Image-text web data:
================
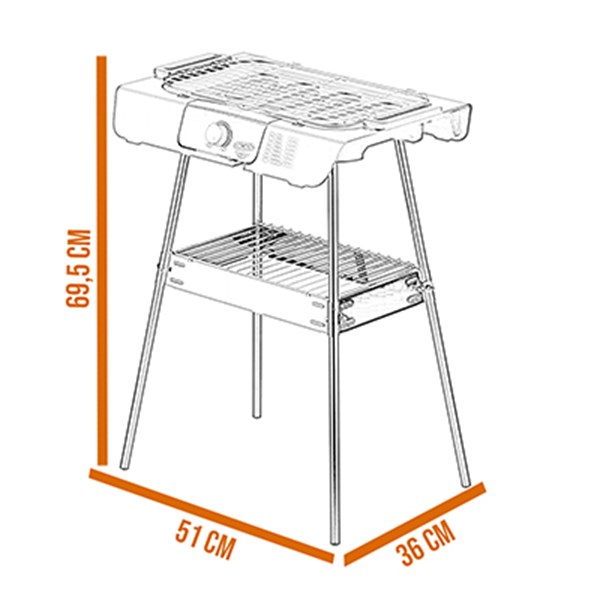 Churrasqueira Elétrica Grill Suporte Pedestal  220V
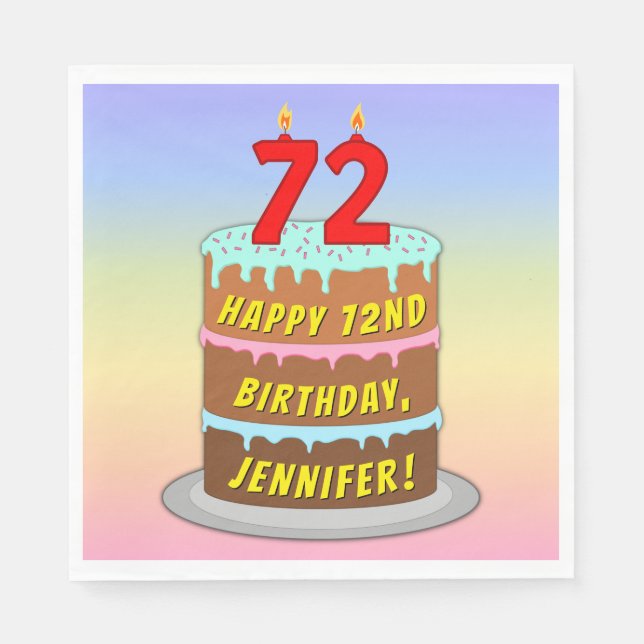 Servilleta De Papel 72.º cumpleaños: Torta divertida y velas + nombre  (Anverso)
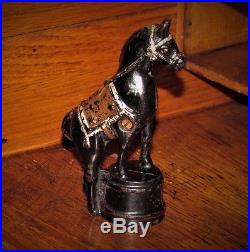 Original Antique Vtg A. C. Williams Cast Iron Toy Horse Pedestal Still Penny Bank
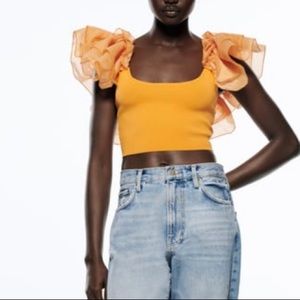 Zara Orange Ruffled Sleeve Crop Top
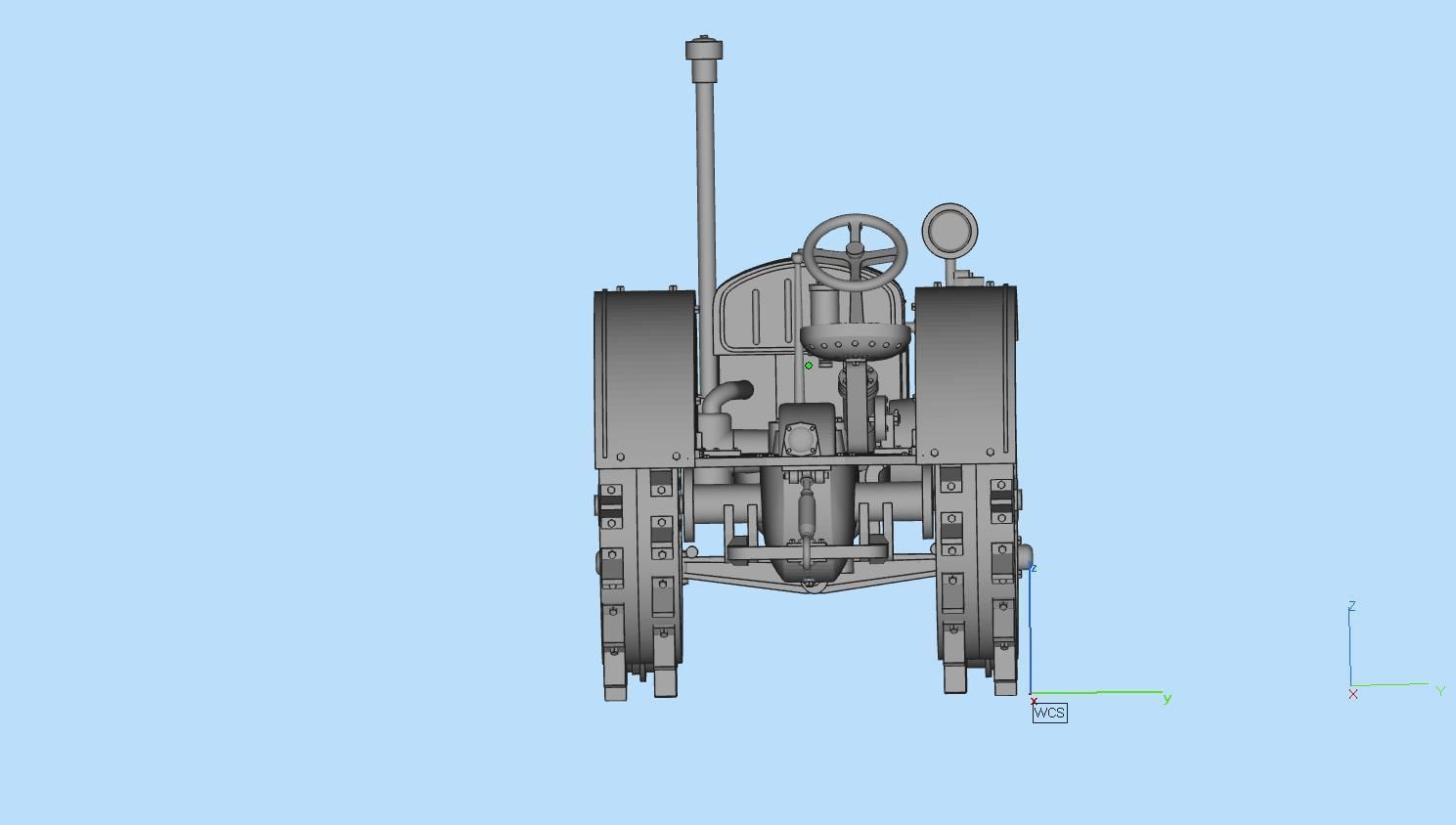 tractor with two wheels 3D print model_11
================
WHAT IS NEEDED →
Could you set down every entry again exactly as written, leaving out any pictures?

RESPONSE TO THIS EXERCISE →
 Churrasqueira Elétrica Grill Suporte Pedestal  220V
 Servilleta De Papel 72.º cumpleaños: Torta divertida y velas + nombre  (Anverso)
 Original Antique Vtg A. C. Williams Cast Iron Toy Horse Pedestal Still Penny Bank
 Zara Orange Ruffled Sleeve Crop Top
 tractor with two wheels 3D print model_11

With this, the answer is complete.